The same is true if your anxiety isn’t tied to any particular threat, if it leads you to dread everyday situations (like driving with baby), if panic attacks come out of the blue, or if it interferes with your ability to function (because you check on him throughout the night).
“Anxiety is a problem when it overshoots reality.”
Tell your ob-gyn or pediatrician how you’re feeling and ask for a referral to a psychologist who specializes in cognitive behavioral therapy (CBT).
An expert can teach you techniques to help you relax, such as meditation, progressive muscle relaxation, and mindfulness training. Done before bedtime, they can set you up for a good night’s sleep (which can in turn ease anxiety). Getting moving can also relieve anxiety by helping you feel more empowered, Howard says. Six weeks of resistance training or aerobic exercise led to a remission rate of 60 percent and 40 percent, respectively, among women ages 18 to 37 with generalized anxiety disorder, a study done by The University of Georgia finds.
Mindfulness helps people learn how to have a thought, accept it and turn their attention elsewhere, and cognitive behavioural therapy (CBT) allows patients to become part of the problem-solving process, teaching them how to challenge over-generalized thoughts and adjust their moods.
So for me, it started before the baby was born. I was constantly in a state of worry that something was going to happen to Tommy before his due date. Once he was born, like other moms, I was petrified of SIDS. Even writing this post, I had to go look at Tommy to make sure he was OK.
The first time I drove with him on the highway, I drove well below the speed limit and wanted to cry. It sounds so odd, I know. It started to rain and I wanted to pull over and just cry because I was so scared we were going to crash.

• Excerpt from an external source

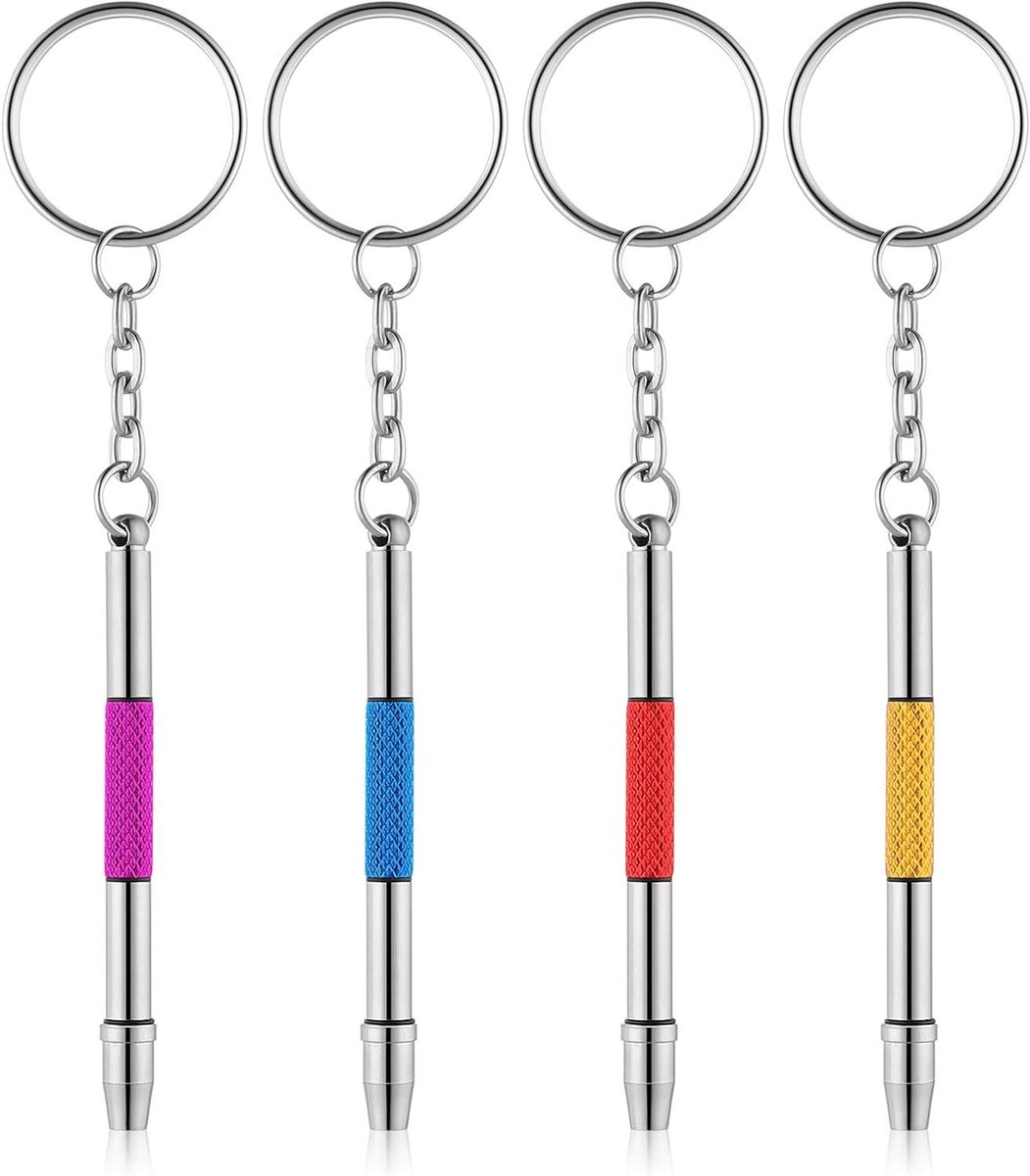 Allecta - Brillenschroevendraaier Set met Mini-schroevendraaier en Sleutelhanger - 4 Stuks - Brilreparatieset - Brilgereedschap - Kleine Brilschroeven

Like 80% of new moms, I had the baby blues about 7-10 days postpartum. I mourned my past life of having the freedom to go where I wanted, when I wanted and for extended periods of time but then I moved forward and loved my new role.
Even moving forward though, I’m constantly reluctant to talk about the future like when Tommy is in High School for fear I’m going to jinx us or something. I’m paranoid that something will happen to me and I’ll leave him without a mom at a young age… The thought of flying is so unnerving these days I avoid it as much as possible.
I wake up in the middle of the night sometimes and I can’t fall back asleep because I worry about all the bad things that could happen, our house catching on fire, how I’d get out and if there was an intruder what I would do.
Just last week, I took a wrong turn and didn’t know what neighborhood I was in. I suddenly felt like I put us in danger because Nick told me it was the heaviest gang area of Boston (thanks Nick) and my heart was just racing and I felt ill.
We walk around Boston and all I think is “What would I do if a car started to come right at us or if someone had a gun, how I would protect Tommy?”
These are just a few of my anxious thought, things I have zero control over and likely will never happen but nevertheless I worry passionately.
Is this normal?
On Instagram yesterday, a lot of you told me you felt the same way which made me think, am I just a parent? Is this the new normal and we are all in this “nightmare” together of “loving someone so much it hurts” and that we would do anything to keep them safe?
I really don’t have an answer but quite a few of you asked me to share my postpartum anxiety story, so here it is. My plan is to just use exercise for now to manage but I’m not above asking for help.
Feel free to share your own concerns and experiences below or tell me that I am in fact crazy.